For the first time this historical and hard-to-find document of the Greek anarchosyndicalist movement is presented in English: the ‘Revolutionary syndicalism and organization’ (‘Επαναστατικός συνδικαλισμός και οργάνωση’) was printed in the early 1980s as a small brochure in polytonic Greek (then the standard form of written language) by the Anarchosyndicalists’ Group (Ομάδα Αναρχοσυνδικαλιστών), an organization active during 1980 — 1982 in Athens, Greece. This profound text was in danger of being forgotten in archives — until a digitized edition in monotonic Greek was made available over the internet in 2004 on Athens Indymedia, and later in 2009 re-posted on Anarkismo (which is the exact source used for this translation):

This translation was finalized on 25 August 2009. Please do be bold in improving it, particularly if you can read the original. You are at liberty in copying and disseminating this text in an unlimited fashion. More translations in other languages are happily welcome to help spread the revolutionary ideas that will prepare the ground for the coming insurrections which will forge the new worldwide civilization of free women and men.

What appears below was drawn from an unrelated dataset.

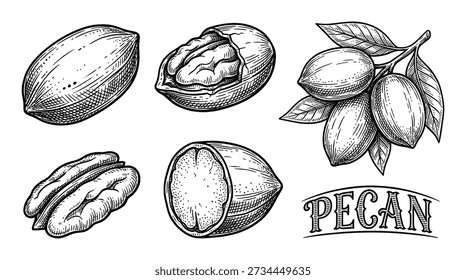 Illustration of pecan nuts in shell and without shell, whole and cracked, with leaves. Hand drawn engraving sketch style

As of 2004 there is a mostly complete archive of documents by the Anarchosyndicalists’ Group at the Libertarian Historical Archive, PO box 53, Naousa, Paros Island, postal code 84 401, Cyclades Islands, Greece (Ελευθεριακό Ιστορικό Αρχείο, Τ.Θ. 53 Νάουσα Πάρου 84 401, Κυκλάδες), email: linos@par.forthnet.gr

[text in square brackets constitute additions by the translator]

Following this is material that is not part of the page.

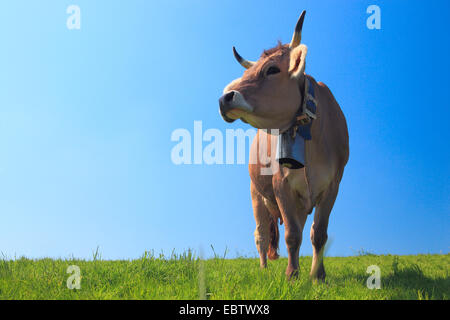 Gli animali domestici della specie bovina (Bos primigenius f. taurus), mucca su pascolo, Svizzera, Zuercher bernese Foto Stock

[An early 1980s brochure first printed in polytonic Greek in Athens, Greece; monotonized and digitized on-line in 2004; translated into English in 2009].

A few days ago we learnt from the press of the completion of the trickery orchestrated behind our backs by the servile bootlickers of the country’s labour union and the bosses.

[Translator’s note: in the next paragraph, where it says GSEE, it refers to the largest Greek labour union, the General Confederation of Workers].

As they do every year, the self-appointed ‘protectors of workers’ this year negotiated with the bosses the price of our labour power. The fraud was finalized with a 15% increase in our wages while the retail price index and the bosses’ profits have sky-rocketed. This deception will continue for as long as we let the GSEE bootlickers and all political parties’ reformists to have the upper hand in our struggle and decide for our lives — these bootlickers and reformists have converted workers’ syndicates in bureaucratic machines under the control of the various Boards of Directors, the political parties’ trustees and the bosses together with a small number of voters who give their consent to the Boards in the name of all the other workers.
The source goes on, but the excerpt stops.